The Spencer’s renowned collection of prints, drawings, photographs, and other works on paper represents more than half of the Museum’s permanent collection. The collection is acknowledged as one of the nation's premier repositories of graphic arts among university art museums because of its depth, breadth, and the extensive manner in which it is used in teaching and research. Areas of particular strength include Northern and Italian Renaissance prints, 17th-century prints; Japanese prints; and 19th- and 20th-century prints, drawings and photographs.

The core of the Museum’s Old Master collection of prints was given by the Max Kade Foundation in the 1960s and 1970s. Additional areas of strength have emerged in large part thanks to generous donations, allowing the Museum to collect works by acclaimed printmakers and photographers, such as William Edgerton, Roger Shimomura, and Aaron Siskind. Eric G. Carlson’s 2014 gift of World War I–related graphic art established the Spencer as a major repository for this topic.

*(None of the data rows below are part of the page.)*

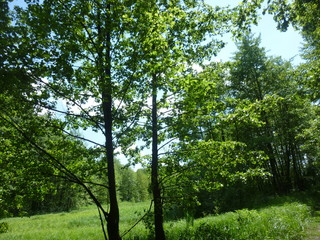 Fototapeta premium green forest by the river 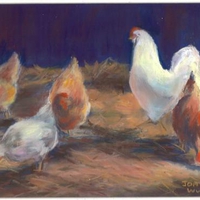 Chickens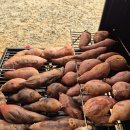 솔봄스테이 | 아버지의 날! 실버타운 이미용 봉사활동, 스테이 상조 외벽 셀프페인팅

The Spencer is known for its collection of artwork designed for Esquire magazine, including pinups created by Alberto Vargas, and Diane Arbus photographs from the 1960s. Pop Art holdings are anchored by the bequest of the Kansas-born art critic, Gene Swensen. Prints from the 1930s through the 1950s representing aspects of regional art and the American Scene make up another highlight of the collection. This material, including examples of works by the Prairie Print Makers, draws from gifts offered by Bud Jennings, Steven Schmidt, Hal Davison, and the family of C. A. Seward. Other strengths include an archive of prints produced by the Lawrence Lithography Workshop and prints collected by KU Professor Emeritus and Honorary Curator of Prints John Talleur.